**Your instructions**
From the line containing "Pitco B8030901-C PG,BURNER SG18 #41 ORF" down to the line containing "Puro Matte Lipstick", copy out the entries below exactly, both lines included, and nothing else; pictures do not belong in the copy.

**Material provided**
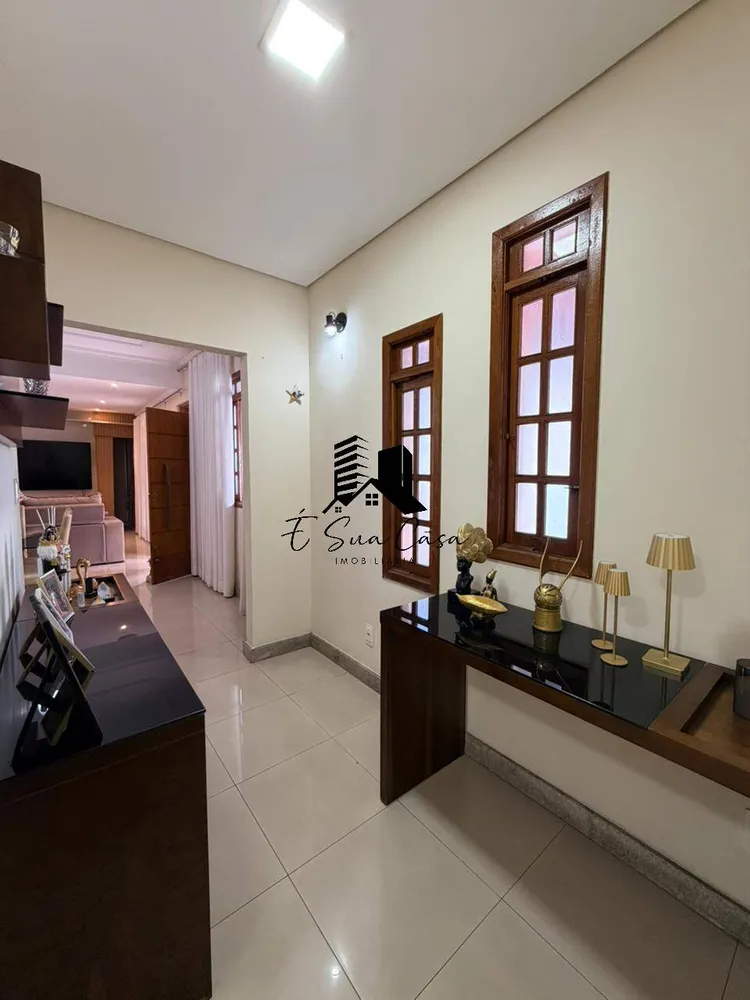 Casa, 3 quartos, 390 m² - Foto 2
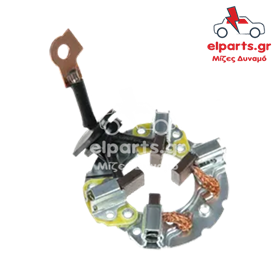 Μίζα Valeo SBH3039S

...

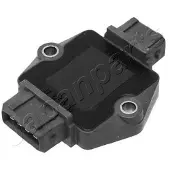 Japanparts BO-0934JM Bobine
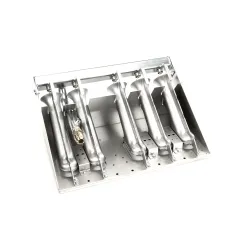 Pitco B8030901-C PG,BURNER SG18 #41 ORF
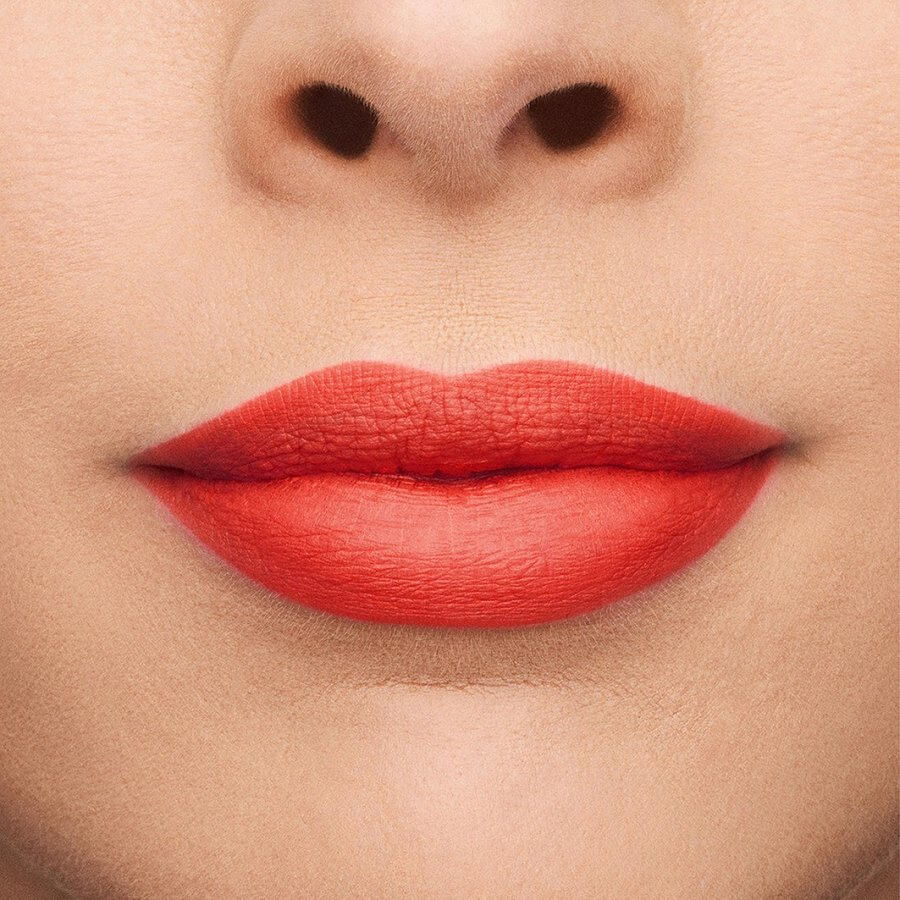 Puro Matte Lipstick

**Answer for the task**
 Pitco B8030901-C PG,BURNER SG18 #41 ORF
 Puro Matte Lipstick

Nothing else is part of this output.